**Dataset extract:**
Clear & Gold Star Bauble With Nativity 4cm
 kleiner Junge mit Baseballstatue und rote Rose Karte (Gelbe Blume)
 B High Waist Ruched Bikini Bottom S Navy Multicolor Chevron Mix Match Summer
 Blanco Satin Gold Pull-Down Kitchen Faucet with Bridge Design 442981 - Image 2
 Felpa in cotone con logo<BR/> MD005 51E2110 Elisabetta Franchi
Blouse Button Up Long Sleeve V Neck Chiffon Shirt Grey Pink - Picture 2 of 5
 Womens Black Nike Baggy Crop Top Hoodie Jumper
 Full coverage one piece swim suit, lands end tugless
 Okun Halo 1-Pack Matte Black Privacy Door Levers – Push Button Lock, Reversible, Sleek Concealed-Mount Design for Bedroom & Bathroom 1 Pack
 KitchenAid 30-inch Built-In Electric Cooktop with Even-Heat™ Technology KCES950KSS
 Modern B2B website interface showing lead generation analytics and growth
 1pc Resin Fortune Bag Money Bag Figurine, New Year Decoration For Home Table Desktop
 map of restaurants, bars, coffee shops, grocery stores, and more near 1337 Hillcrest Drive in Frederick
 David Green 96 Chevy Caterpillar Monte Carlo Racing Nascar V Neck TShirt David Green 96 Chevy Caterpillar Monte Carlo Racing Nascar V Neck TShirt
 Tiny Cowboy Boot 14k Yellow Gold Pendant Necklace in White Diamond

**Work item:**
Filter the listing above so that only lines holding the word "Button" remain, and report those lines.

**Result for this exercise:**
Blouse Button Up Long Sleeve V Neck Chiffon Shirt Grey Pink - Picture 2 of 5
 Okun Halo 1-Pack Matte Black Privacy Door Levers – Push Button Lock, Reversible, Sleek Concealed-Mount Design for Bedroom & Bathroom 1 Pack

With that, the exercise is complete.